70 hp 1975 Johnson - general problems

Warmmi

Recruit
Joined
Jul 9, 2007
Messages
4
Had a tune up done on a no problem motor - mechanic told us that the water pump was bad as it only blew water out of the bottom by the prop - got a new impeller put on by a different mechanic - and discovered that that is where the water is supposed to blow -

Engine seemed to run fine for a few hours - now it is lagging, vibrating and not getting up to speed - Noticed a really small oil drip under it in the driveway this morning - checked plugs and they are not fouled - not sure what to do next - don't want to take it back to the shop that had it - don't think they know what their doing and all the other places around here are either booked solid or don't want to work on my old motor.....
 

mikesea

Lieutenant Commander
Joined
Oct 1, 2006
Messages
1,830
Re: 70 hp 1975 Johnson - general problems

What did the guy do for a tune up,?if your impeller hasnt been changed in at least a yr.he likely thought it should have one since its a 1 a yr.maint.item.Many go longer,but not adviseable,as for the oil,what color,if its black and coming from center of prop OR behind the prop,its likely just carbon from running.Did the motor sit for a long period of time,your symptoms demonstrate dirty carbs.I will say that the mechanic should have given you a perfectly good running eng.after a tune up.Is it a reputable shop that does many outboards,your engine is very basic.The tune up should have consisted of a spark,and compression test to start.Does your boat have a water seperating filter?looks like an automobile oil filter,usually?you could have bad or watery gas
 

Warmmi

Recruit
Joined
Jul 9, 2007
Messages
4
Re: 70 hp 1975 Johnson - general problems

Oil was black and just a really small puddle - tune up was new plugs and not sure what else - the guy that did it is a real a** and had a serious problem trying to get him to tell me anything - he was more worried with the "bad water pump" then anything else -
Did replace the impeller though - and it ran like a top till yesterday - loggy and slow - vibrated more then usual also -
 

HighTrim

Supreme Mariner
Joined
Jun 21, 2007
Messages
10,486
Re: 70 hp 1975 Johnson - general problems

Your leak sounds like carbon build up, but find out where it is coming from for sure. Sounds like a carb issue, but start with a compression test and spark test to start, easy to do even for novice do it yourselfers. Compression testers and spark testers can be bought local hardware store for pretty cheap.

(Compression & Spark Test)
(J. Reeves)

1st - Regardless of what problem one might encounter, always start with the basic troubleshooting procedure. Check the compression which should be in the range of 100+ psi (somewhat less on the smaller hp engines) and even on all cylinders.
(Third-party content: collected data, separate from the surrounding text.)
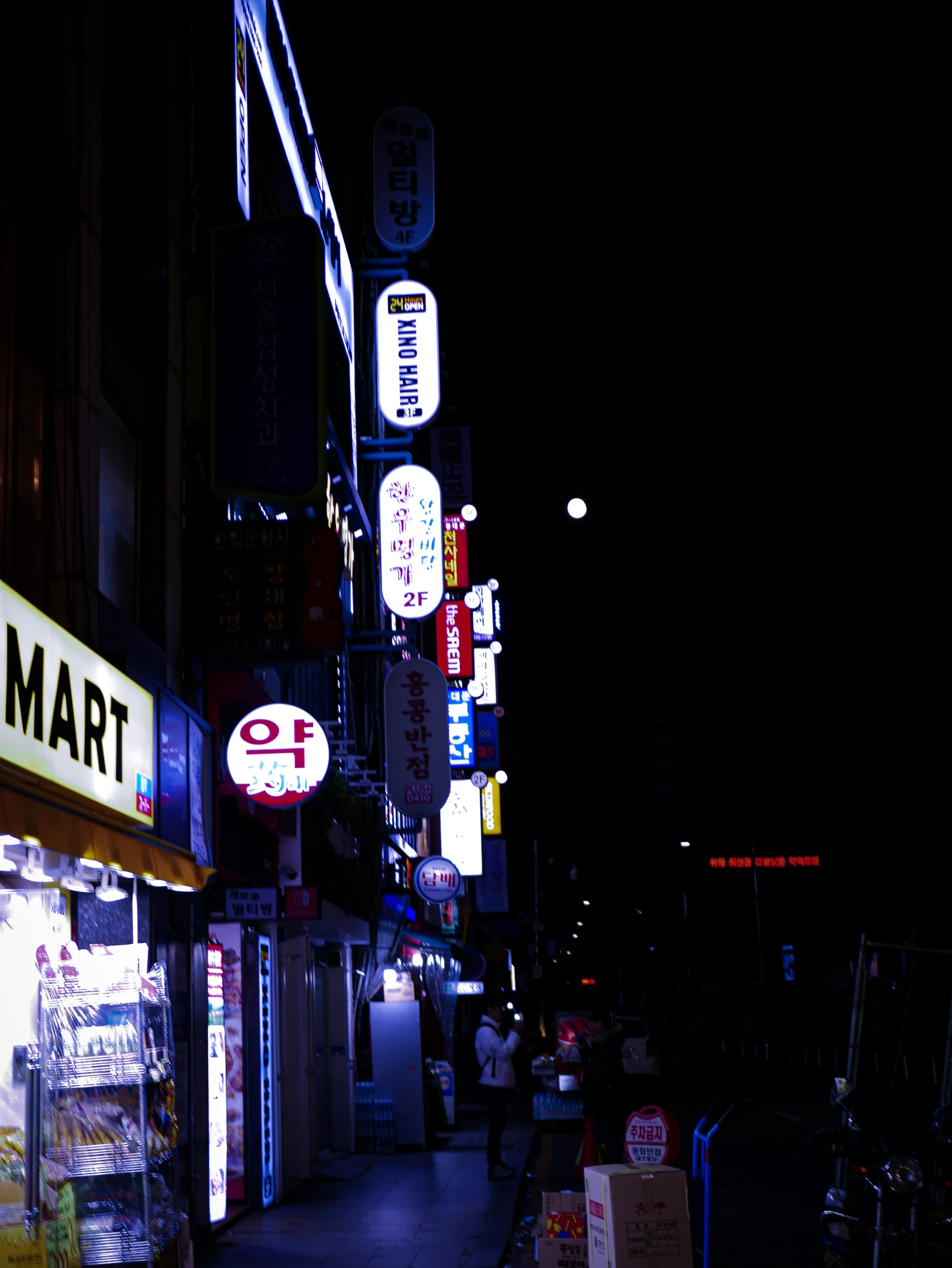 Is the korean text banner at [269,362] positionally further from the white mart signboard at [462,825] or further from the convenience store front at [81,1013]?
the white mart signboard at [462,825]

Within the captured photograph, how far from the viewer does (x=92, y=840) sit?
6484 mm

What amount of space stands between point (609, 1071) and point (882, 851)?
45298 mm

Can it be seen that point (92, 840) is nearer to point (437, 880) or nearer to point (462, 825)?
point (437, 880)

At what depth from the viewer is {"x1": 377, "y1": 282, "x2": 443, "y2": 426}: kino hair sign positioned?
2064 centimetres

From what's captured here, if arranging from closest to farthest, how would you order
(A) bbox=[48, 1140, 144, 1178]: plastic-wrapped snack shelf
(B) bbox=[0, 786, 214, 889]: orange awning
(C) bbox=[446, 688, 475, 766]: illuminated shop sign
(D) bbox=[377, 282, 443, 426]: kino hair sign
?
(B) bbox=[0, 786, 214, 889]: orange awning
(A) bbox=[48, 1140, 144, 1178]: plastic-wrapped snack shelf
(D) bbox=[377, 282, 443, 426]: kino hair sign
(C) bbox=[446, 688, 475, 766]: illuminated shop sign

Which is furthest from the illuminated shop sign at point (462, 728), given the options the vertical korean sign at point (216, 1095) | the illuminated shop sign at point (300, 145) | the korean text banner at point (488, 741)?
the vertical korean sign at point (216, 1095)

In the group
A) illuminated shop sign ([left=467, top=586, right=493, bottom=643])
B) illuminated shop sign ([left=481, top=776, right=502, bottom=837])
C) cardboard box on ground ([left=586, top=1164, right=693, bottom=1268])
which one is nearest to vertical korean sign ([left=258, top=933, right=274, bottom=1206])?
cardboard box on ground ([left=586, top=1164, right=693, bottom=1268])

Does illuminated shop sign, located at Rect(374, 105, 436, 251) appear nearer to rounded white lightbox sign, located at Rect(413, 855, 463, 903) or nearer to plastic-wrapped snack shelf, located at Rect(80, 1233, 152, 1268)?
rounded white lightbox sign, located at Rect(413, 855, 463, 903)

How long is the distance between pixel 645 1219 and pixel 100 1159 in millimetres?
3110

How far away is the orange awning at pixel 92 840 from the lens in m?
5.58

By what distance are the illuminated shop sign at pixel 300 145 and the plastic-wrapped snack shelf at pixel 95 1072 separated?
8.97 m

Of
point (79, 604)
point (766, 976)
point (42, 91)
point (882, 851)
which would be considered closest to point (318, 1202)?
point (79, 604)

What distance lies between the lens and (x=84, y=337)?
907 cm

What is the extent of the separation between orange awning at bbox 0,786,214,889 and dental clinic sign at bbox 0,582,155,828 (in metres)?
0.22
2nd - With the spark plugs removed, rig up some type of spark tester whereas you can set a gap to be jumped. On magneto ignition systems.... and also the Battery Capacitance Ignition system OMC engines from 1968 to 1972, set the gap to 1/4". On the solid state OMC ignition systems from 1973 to the present, set the gap to 7/16". The spark should jump the gap with a strong blue lightning like flame..... a real strong blue snap!

If there was no spark, on engines from 1973 up, disconnect the RED main electrical plug at the engine. Remove the s/plugs. crank the engine via the starter solenoid (jumper bat term to small 3/8" term nut, not the ground nut) and observe spark. If spark is now okay as stated above, the usual cause is a shorted ignition switch.

If the above checks out as it should, and the engine dies out when throttle is applied or won't idle, it is usually due to one or both of two things. The carburetors are fouled, in which case the cure would be to remove, clean, and rebuild them..... or the timer base under the flywheel is sticking which would result in a retarded spark. If the engine will not fire/start at all even though you have the proper spark and compression, it's usually due to fouled carburetors.

To check the timer base for sticking (Engine Not Running), spin the prop to align the shifter dog with forward gear and while doing so, put the engine into forward gear. Now, while watching the timer base, slowly apply throttle clear up to full throttle. The timer base should move smoothly all the way up against the black rubber cap that is atached to the end of the full advance spark setting screw. If the timer base sticks, find out why and correct that problem.

Usually any sticking of the timer base is caused by one of the four retaining clamps being slightly too tight. Putting a very thin washer under the clamp cures that problem. Some boaters use a thin screwdriver to bend the clamp upwards slightly but I prefer the thin washer. The sticking can also be caused by having a faulty stator start to melt down, resulting in a sticky substance dripping down on the timer base nylon retaining ring.